Dabei mangelt es den Parteien in Deutschland keineswegs an Geld, Einfluss oder Macht. Sie sind im öffentlichen Leben omnipräsent, schicken ihre Leute in Parlamente, Regierungen und Rundfunkräte, spielen im öffentlichen Leben nach wie vor eine Hauptrolle. Und doch wirken sie mut-, kraft-, und ziellos.
Was wurde nicht alles aufgedeckt: Parteienfilz, Spendenskandale und eine ungebrochene Selbstversorgungsmentalität. Ist das Maß irgendwann einmal voll? Haben wir über viele Jahre zu viele Negativ-Schlagzeilen über unsere Parteien lesen müssen und sehen schlicht zu wenig Gegenleistung? Aber warum gerade jetzt? Sind die Bürger im Internetzeitalter aufgeklärter und kritischer? Gibt es wirklich eine Alternative?

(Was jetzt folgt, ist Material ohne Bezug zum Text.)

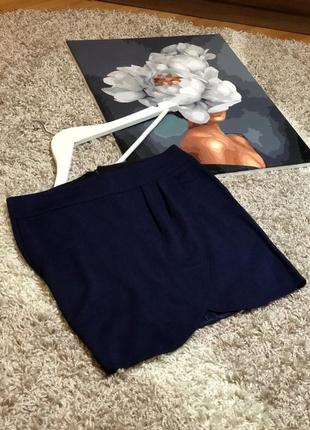 Темно-синя спідниця на запах1 фото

Die Parteien verlieren ihre politische Identität
Nein, die Bürgerinnen und Bürger vermissen zunehmend etwas, was ihnen die Parteien früher geben konnten: politische Autorität. Die Parteien haben sich um die Politik gebracht. Um politische Identitäten, ja auch um politische Ideologien. Es spricht überhaupt nichts dagegen, wenn die Union für Heimat, Familie und Eigentum steht, die SPD für Gerechtigkeit, Umverteilung und mehr Mitbestimmung. Die Grünen für eine gewaltfreie Basisdemokratie und die FDP für weitgehende Freiheitsrechte und Marktliberalismus.
Natürlich müssen Programme den Lebenswirklichkeiten angepasst und modernisiert werden. Aber nicht um den Preis, danach kaum mehr erkennbar und zunehmend beliebig zu sein. Kurzlebige Images, politische Gags können Parteiprogramme und stabile Identitäten nicht ersetzen. Da mögen sich Wahlkampfmanager und Spindoktoren noch so gute Marketingstrategien einfallen lassen, Orientierung können sie damit nicht geben. Wer in der Mediengesellschaft nur gefallen möchte, fällt ganz schnell durch.
Denn die digitale Mediengesellschaft hat vor allem Respekt vor solchen Politikern, die nicht nach ihrer Pfeife tanzen, sondern die selbstbewusst am Kern ihrer Politik festhalten. Mit solchen Politikern an der Spitze haben die Parteien noch jede Krise überstanden. Und es gab sie nicht nur in der Vergangenheit. Wenn bei Union und SPD jetzt lautstark nach Erneuerung gerufen wird, dann eben auch nach neuen Gesichtern. Mehr Verantwortung, mehr Orientierung, Identität und etwas mehr Autorität. Kurzum: mehr Mut zur Politik!